**The data:**
^^^^^^^^^^^^^^^^
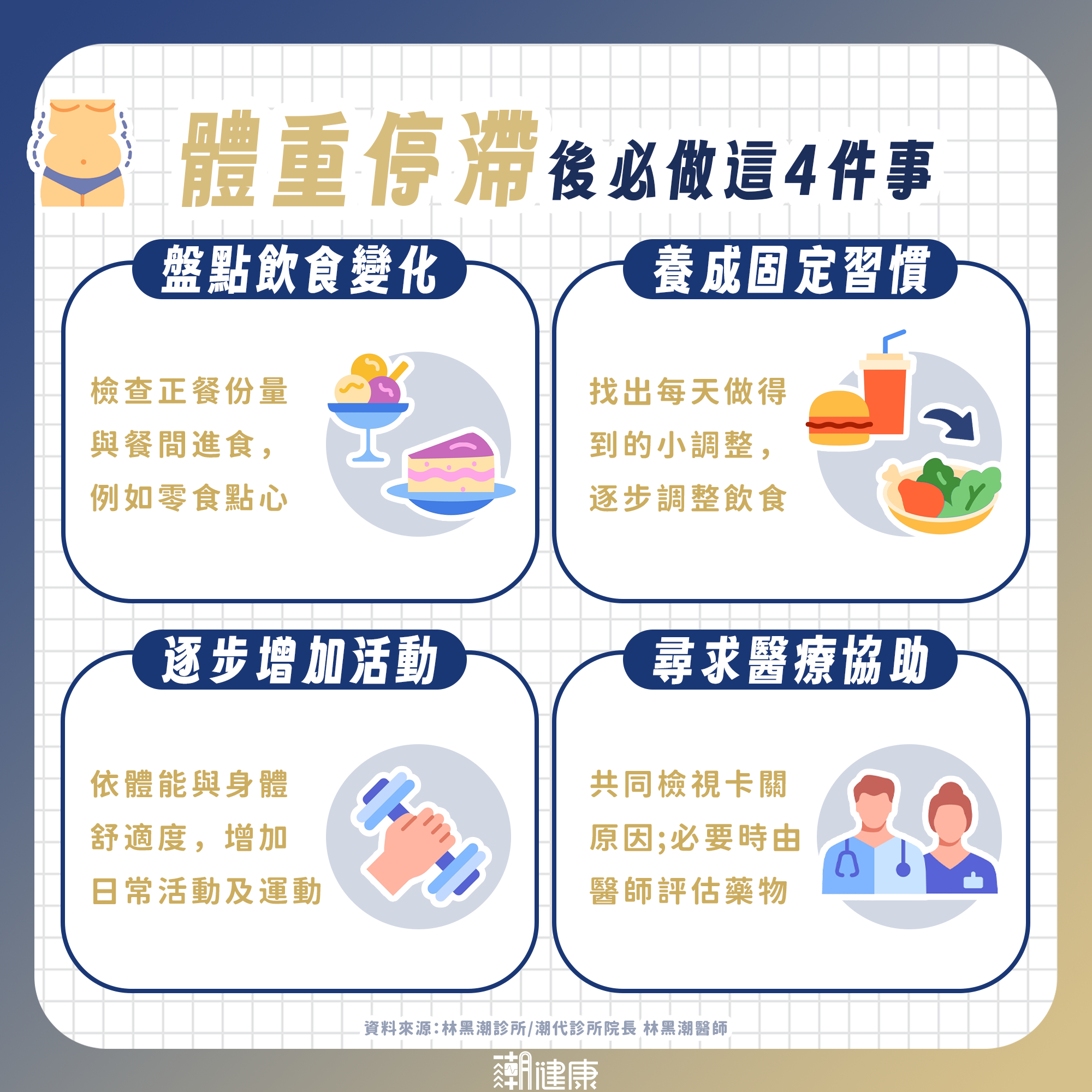 為什麼瘦不下來？ 醫揭一票人「意志力用錯地方」：就算藥物介入也沒用 內文圖片 2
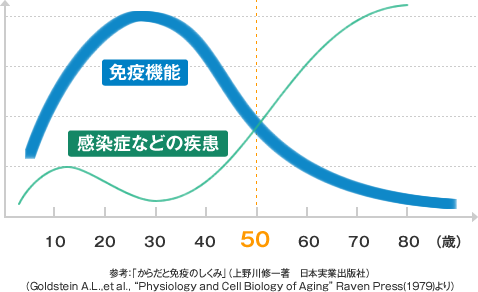 シニアは肉を食らうべし 50 Offの鶏もも肉のオーブン焼き シニア人生を楽しむ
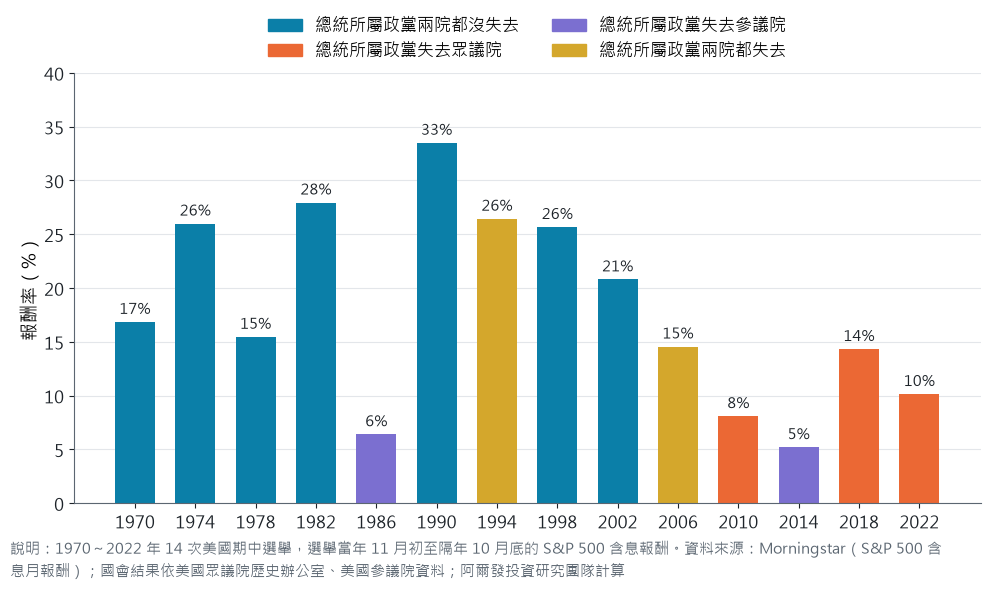 1970 至 2022 年 14 次美國期中選舉後 12 個月的 S&P 500 含息報酬，全部為正，依總統所屬政黨在國會失去哪一院分色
^^^^^^^^^^^^^^^^
**What you have to do:**
Return the listing unchanged, but drop every picture.

**Answer to the exercise:**
 為什麼瘦不下來？ 醫揭一票人「意志力用錯地方」：就算藥物介入也沒用 內文圖片 2
 シニアは肉を食らうべし 50 Offの鶏もも肉のオーブン焼き シニア人生を楽しむ
 1970 至 2022 年 14 次美國期中選舉後 12 個月的 S&P 500 含息報酬，全部為正，依總統所屬政黨在國會失去哪一院分色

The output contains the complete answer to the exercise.